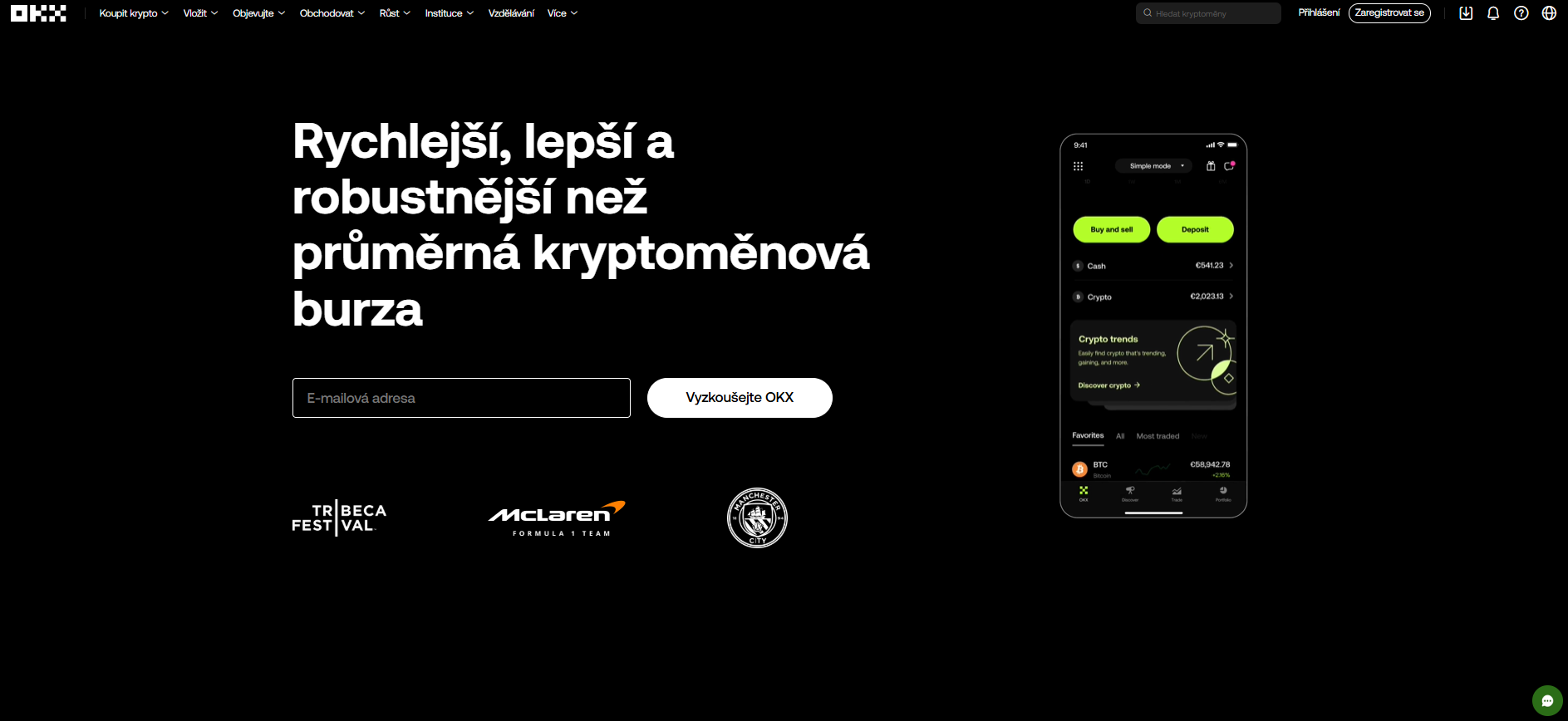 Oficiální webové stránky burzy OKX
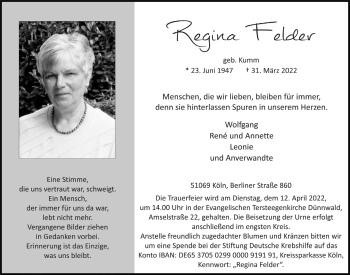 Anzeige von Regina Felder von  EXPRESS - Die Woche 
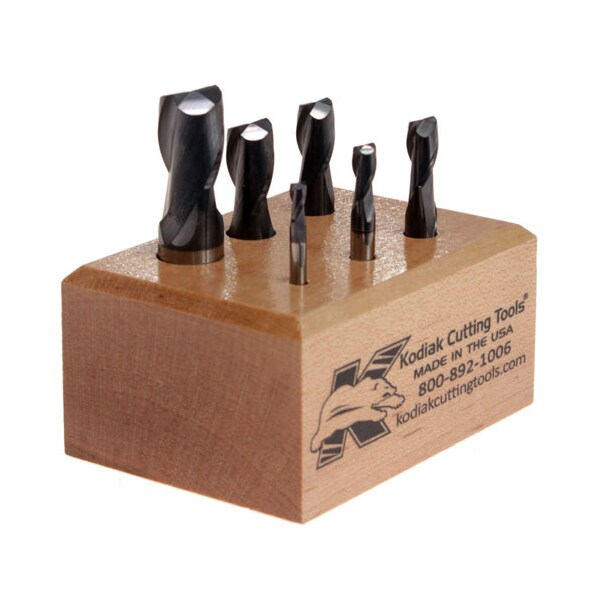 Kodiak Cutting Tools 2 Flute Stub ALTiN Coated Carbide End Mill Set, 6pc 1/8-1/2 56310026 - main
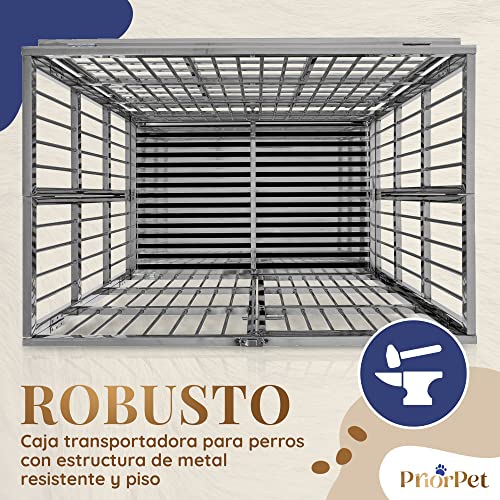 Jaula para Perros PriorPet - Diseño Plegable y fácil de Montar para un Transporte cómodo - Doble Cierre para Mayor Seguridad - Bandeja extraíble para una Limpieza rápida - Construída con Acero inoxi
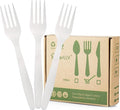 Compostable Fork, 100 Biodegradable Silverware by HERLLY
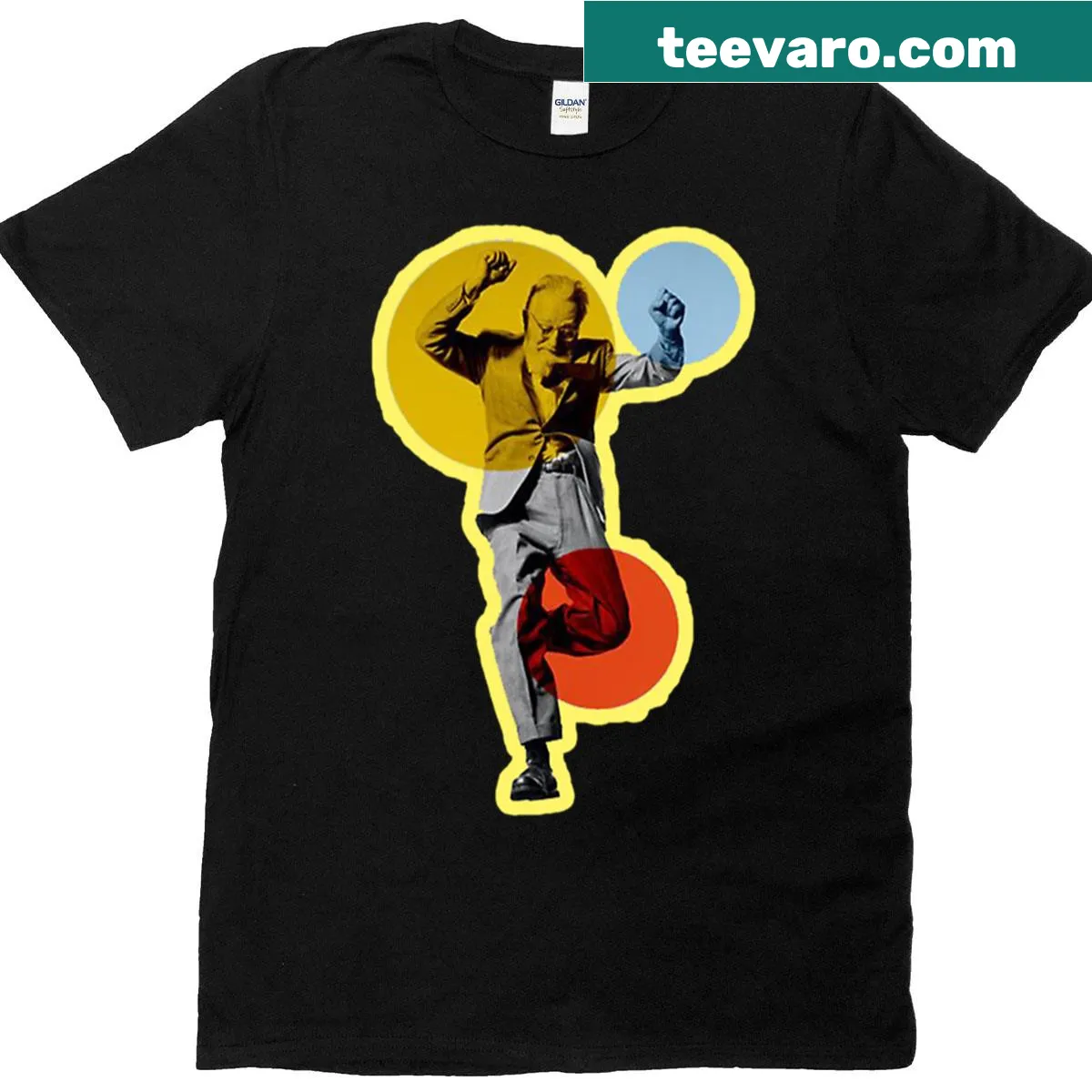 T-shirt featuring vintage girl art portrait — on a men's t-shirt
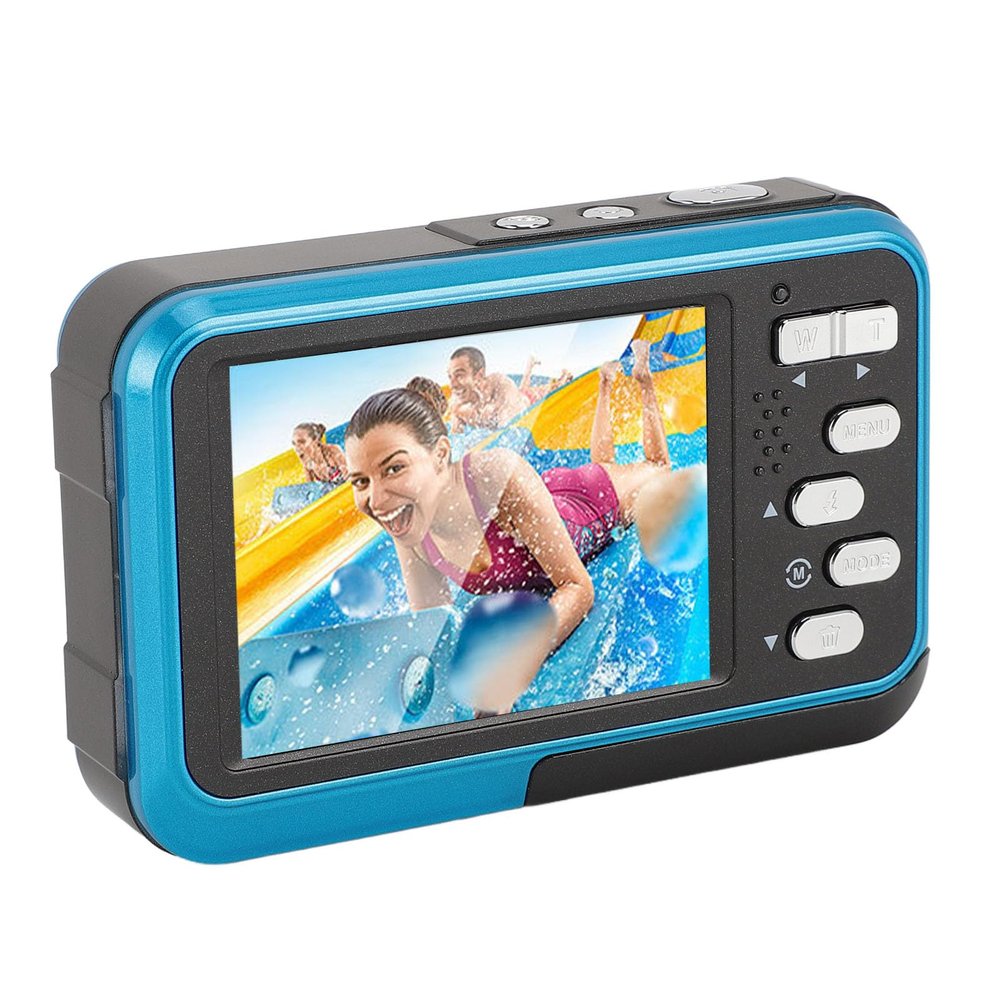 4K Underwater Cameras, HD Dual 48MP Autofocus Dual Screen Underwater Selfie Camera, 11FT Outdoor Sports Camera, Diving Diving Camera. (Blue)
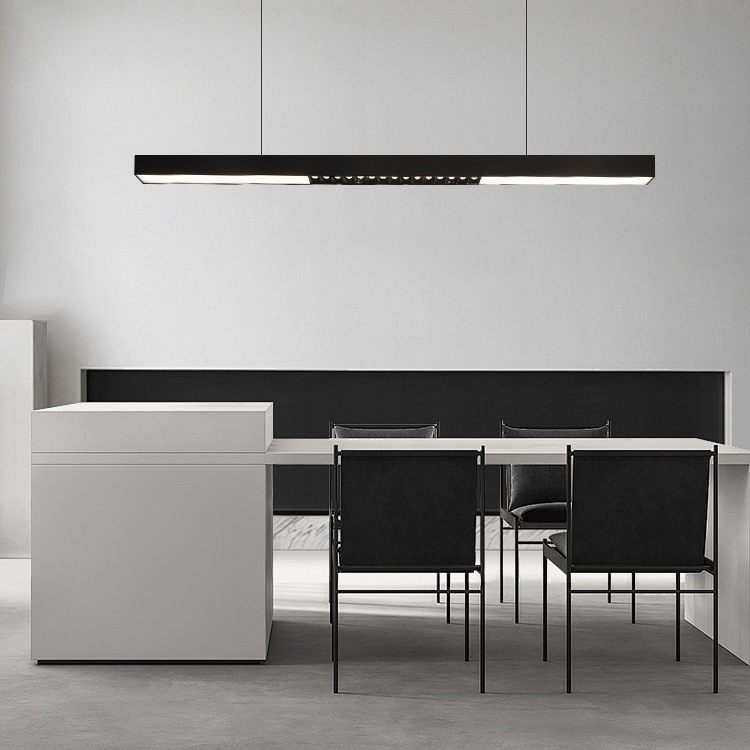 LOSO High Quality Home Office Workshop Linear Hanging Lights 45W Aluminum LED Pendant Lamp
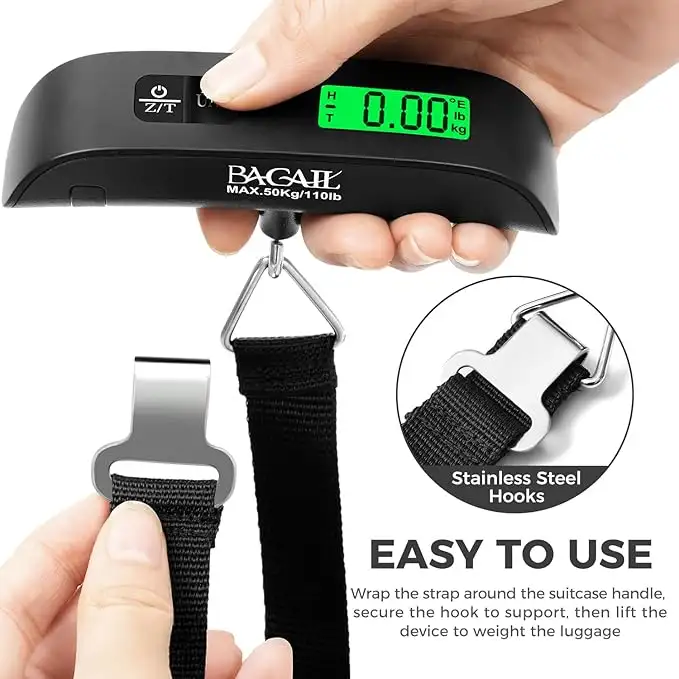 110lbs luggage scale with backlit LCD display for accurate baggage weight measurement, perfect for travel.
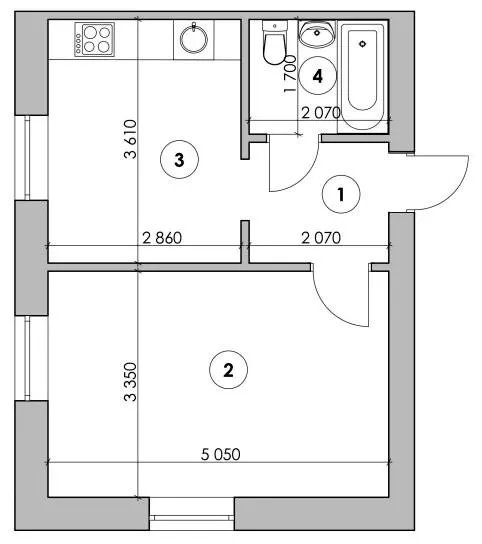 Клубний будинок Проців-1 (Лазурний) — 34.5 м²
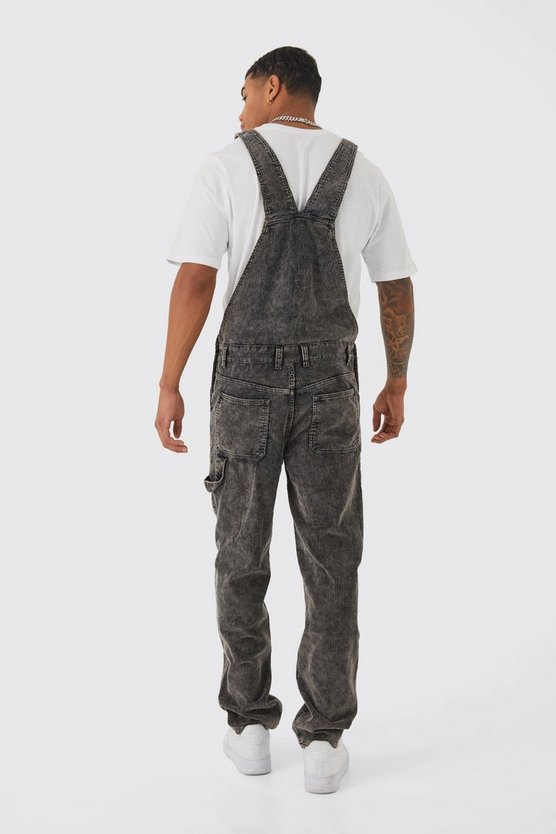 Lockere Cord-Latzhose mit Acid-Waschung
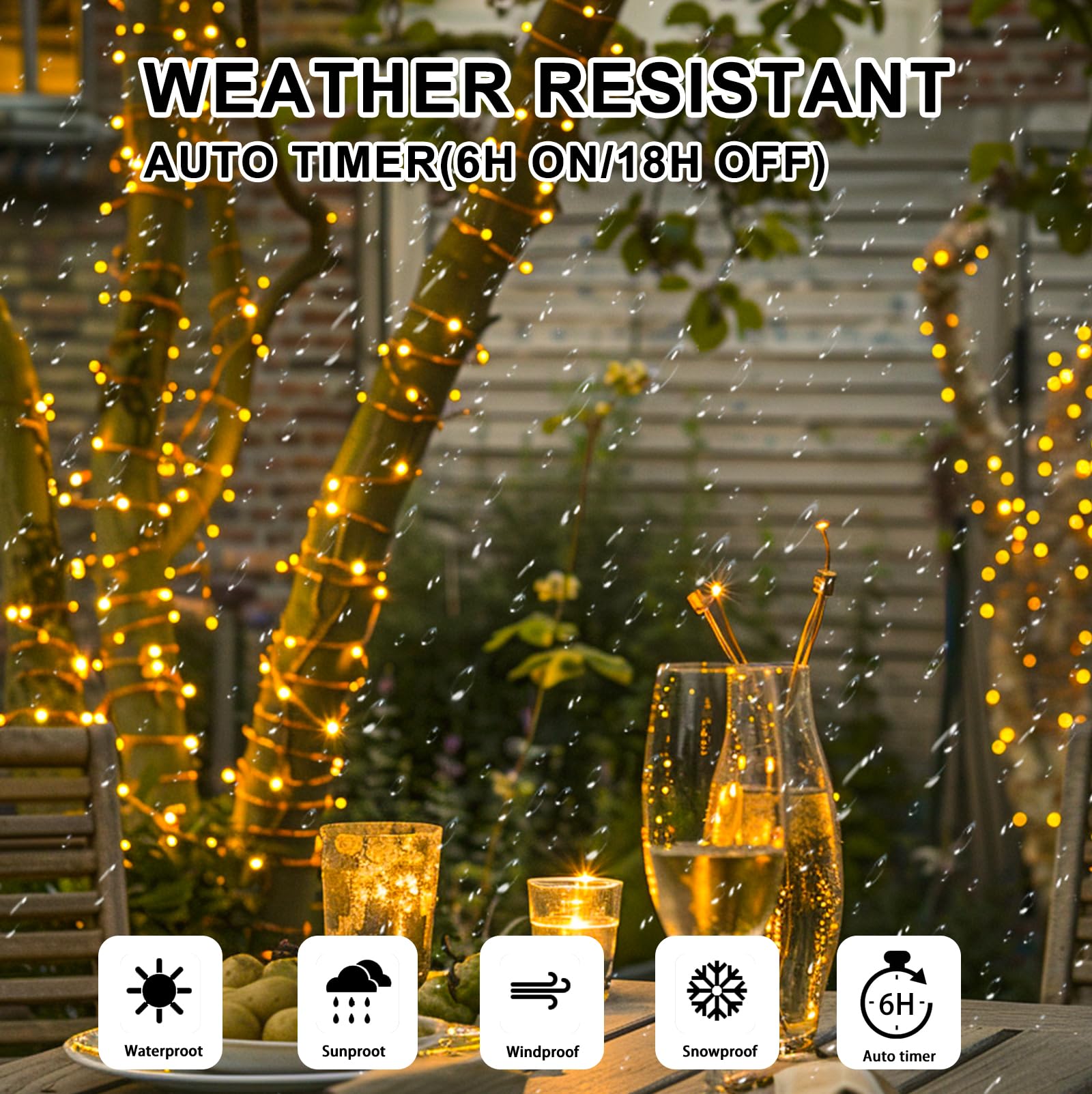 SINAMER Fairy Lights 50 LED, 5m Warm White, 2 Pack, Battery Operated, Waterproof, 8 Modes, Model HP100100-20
========================================================================
**What is being asked:** Without any pictures, return the material above exactly.

**Result below:**
 Oficiální webové stránky burzy OKX
 Anzeige von Regina Felder von  EXPRESS - Die Woche 
 Kodiak Cutting Tools 2 Flute Stub ALTiN Coated Carbide End Mill Set, 6pc 1/8-1/2 56310026 - main
 Jaula para Perros PriorPet - Diseño Plegable y fácil de Montar para un Transporte cómodo - Doble Cierre para Mayor Seguridad - Bandeja extraíble para una Limpieza rápida - Construída con Acero inoxi
 Compostable Fork, 100 Biodegradable Silverware by HERLLY
 T-shirt featuring vintage girl art portrait — on a men's t-shirt
 4K Underwater Cameras, HD Dual 48MP Autofocus Dual Screen Underwater Selfie Camera, 11FT Outdoor Sports Camera, Diving Diving Camera. (Blue)
 LOSO High Quality Home Office Workshop Linear Hanging Lights 45W Aluminum LED Pendant Lamp
 110lbs luggage scale with backlit LCD display for accurate baggage weight measurement, perfect for travel.
 Клубний будинок Проців-1 (Лазурний) — 34.5 м²
 Lockere Cord-Latzhose mit Acid-Waschung
 SINAMER Fairy Lights 50 LED, 5m Warm White, 2 Pack, Battery Operated, Waterproof, 8 Modes, Model HP100100-20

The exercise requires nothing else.